The study observes that underreporting, racial misclassification, poor relationships between law enforcement and American Indian and Alaska Native communities, poor record-keeping protocols, institutional racism including racism in the media, and a lack of substantive relationships between journalists and Native American communities all contribute to the lack of clarity and transparency in the missing persons data. “What is reported and recorded by law enforcement, covered by media, and remembered and honored by community members and family rarely matches.” Migration into urban settings has increased, along with a vast number of data complications occurring in both rural and urban settings. Critical issues related to racism and incomplete documentation of data in Missing and Murdered Indigenous Women cases exist in rural communities, and urban settings also experience these same distributive inequities. In this study, it is reported that the CDC states that murder is the third-leading cause of death among Native American women. UIHI found that “506 unique cases of missing and murdered American Indian and Alaska Native women and girls across the 71 selected cities—128 (25%) were missing persons cases, 280 (56%) were murder cases, and 98 (19%) had an unknown status.”

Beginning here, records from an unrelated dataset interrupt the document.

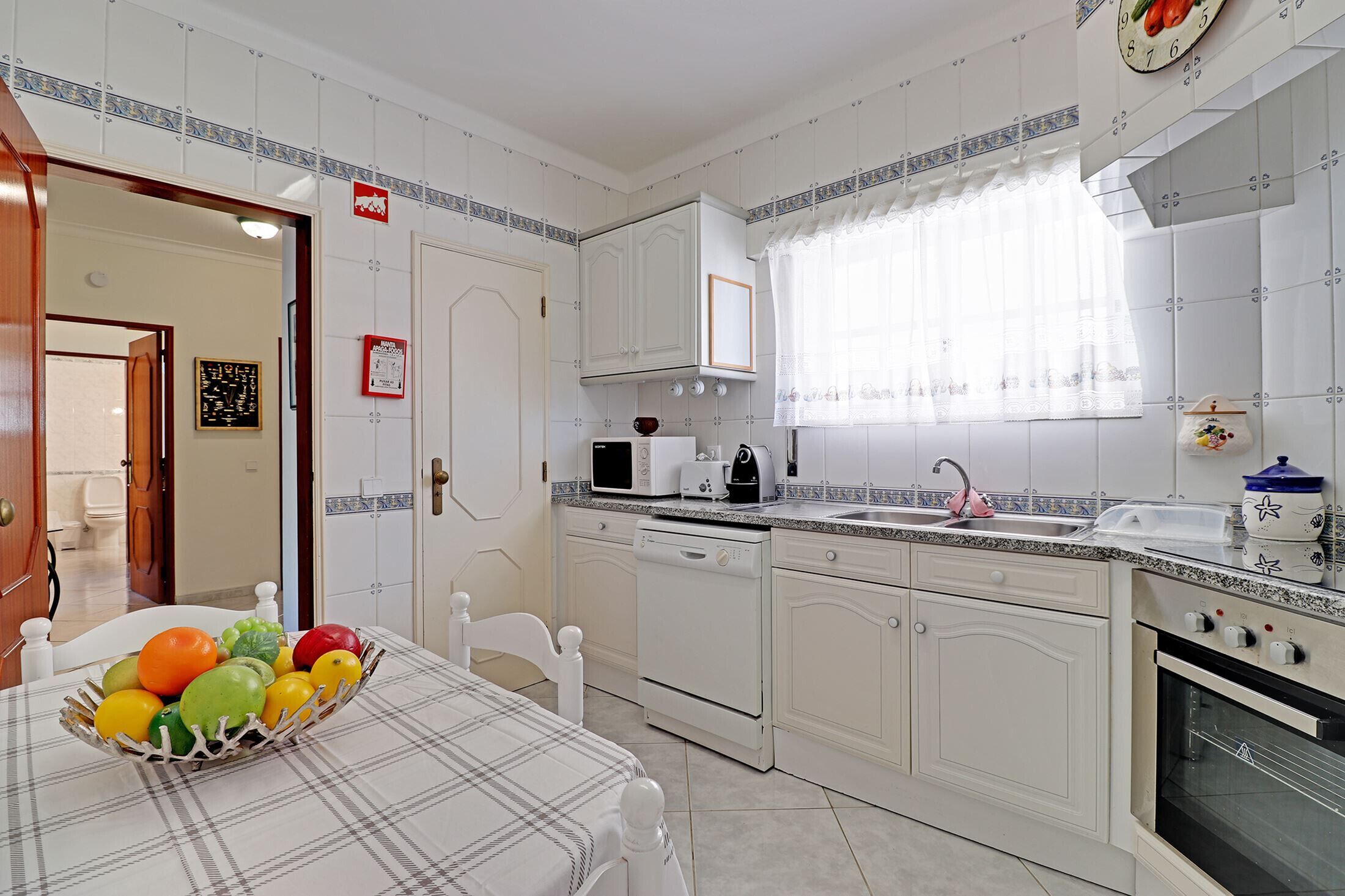 A kitchen with white cabinets, a microwave, a toaster, and a sink.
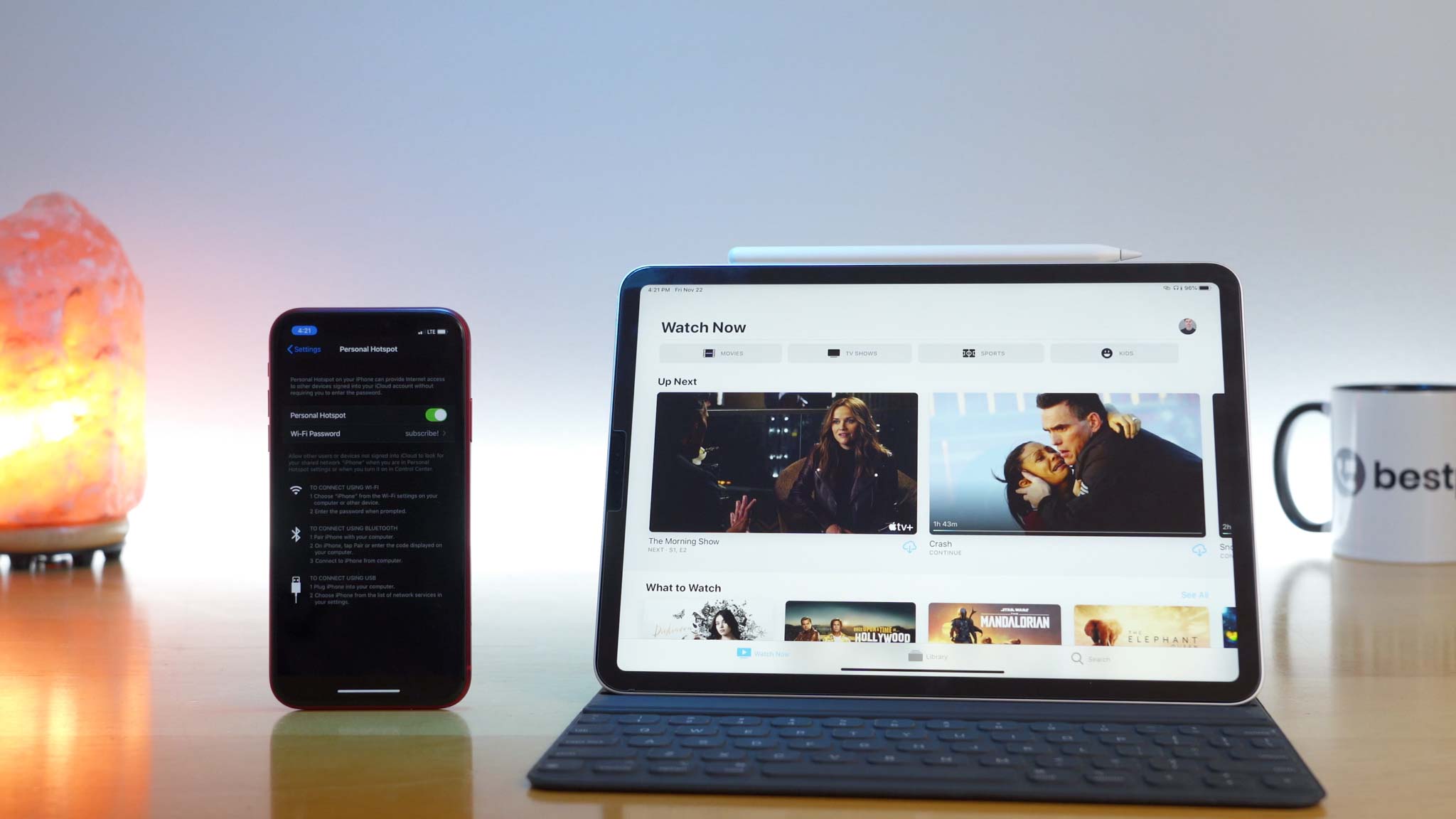 iPhone 11 Pro with hotspot enabled sharing cellular data with iPad Pro next to it open to the Apple TV app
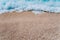 Rolling wave of blue turquoise sea water on pebble beach. Background. Top view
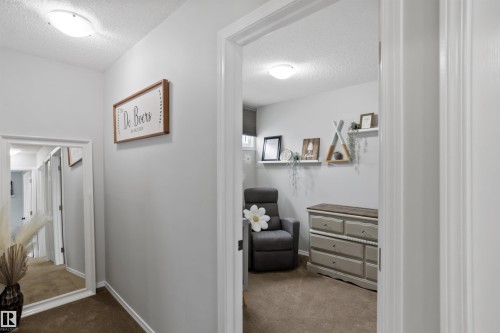 Hallway featuring a textured ceiling and dark carpet - 7 Chungo Drive, Devon, AB - Indoor Photo Showing Other Room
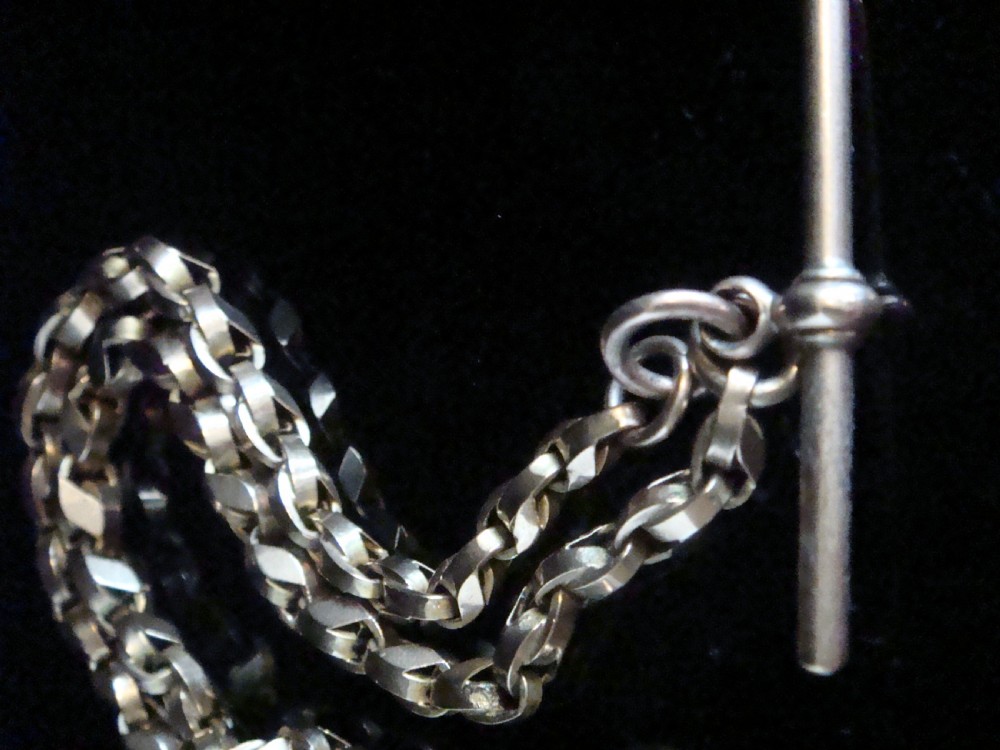 An Edwardian 9ct rose gold Albert chain featuring fancy interlocking links, dual dog clips, and a T-bar attachment. View II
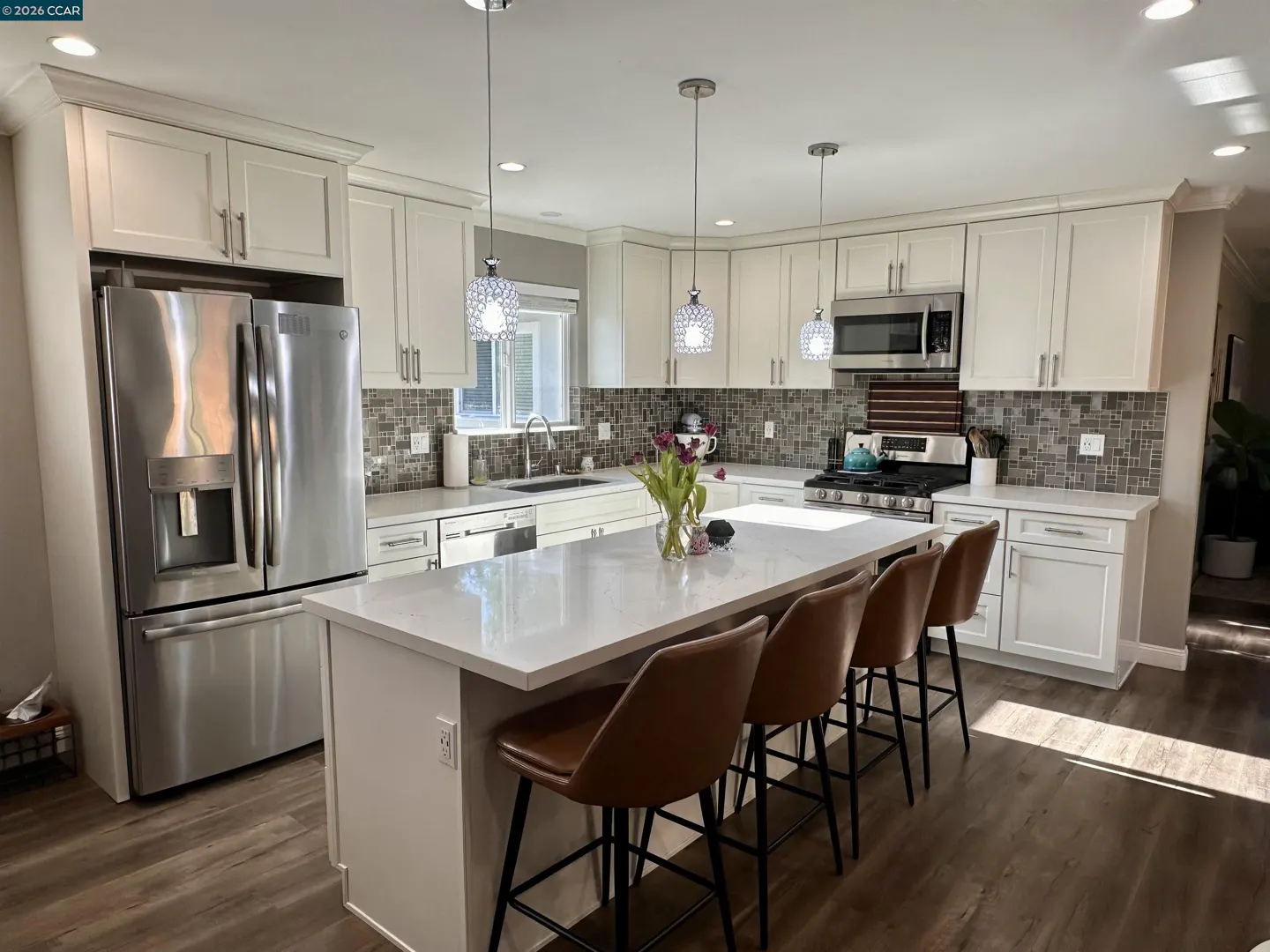 Bright kitchen with white cabinets, stainless steel appliances, and a large island with brown leather stools. Three pendant lights hang above the island.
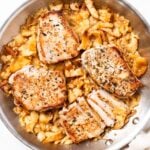 Large metal skillet sitting on white marble with cooked pork chops and mashed apples underneath right after coming out of the oven.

Through a detailed collection of information from the Freedom of Information Act (FOIA), UIHI collected as much case data as possible to compare each of the sources and corresponded the information to information from missing loved ones, public social media posts, family member contact, and searches of regional databases. Cities were selected due to high instances of Missing and Murdered Indigenous Women cases, home a significant number of urban American Indians, or who have an urban Indian health center in the city. Racial misclassification was a common reasons, including the misidentification of a person’s race or the inability to code the correct race on forms. In Seattle, it was identified that many Native American people had taken on Latin names in colonial contexts, and that currently the flexibility of crime systems are unable to recognize Native to non-Native identities within the system. This racial misclassification affects data in multiple subgroups. A content-analysis was also conducted on media coverage, and found that much of the coverage was centered on reservation-based violence. The study found, that while reservation-based violence contributes to critical bodies of knowledge, it minimizes the occurrences of the same issues in urban spaces and contributes to stereotypes of Native people as living primarily in reservations or rural areas. The study also notes challenges in law-enforcement relationships with Native communities. Studies researching data collection and legal transparency in Missing and Murdered Indigenous Women cases continue to improve as barriers to understanding continue to be identified.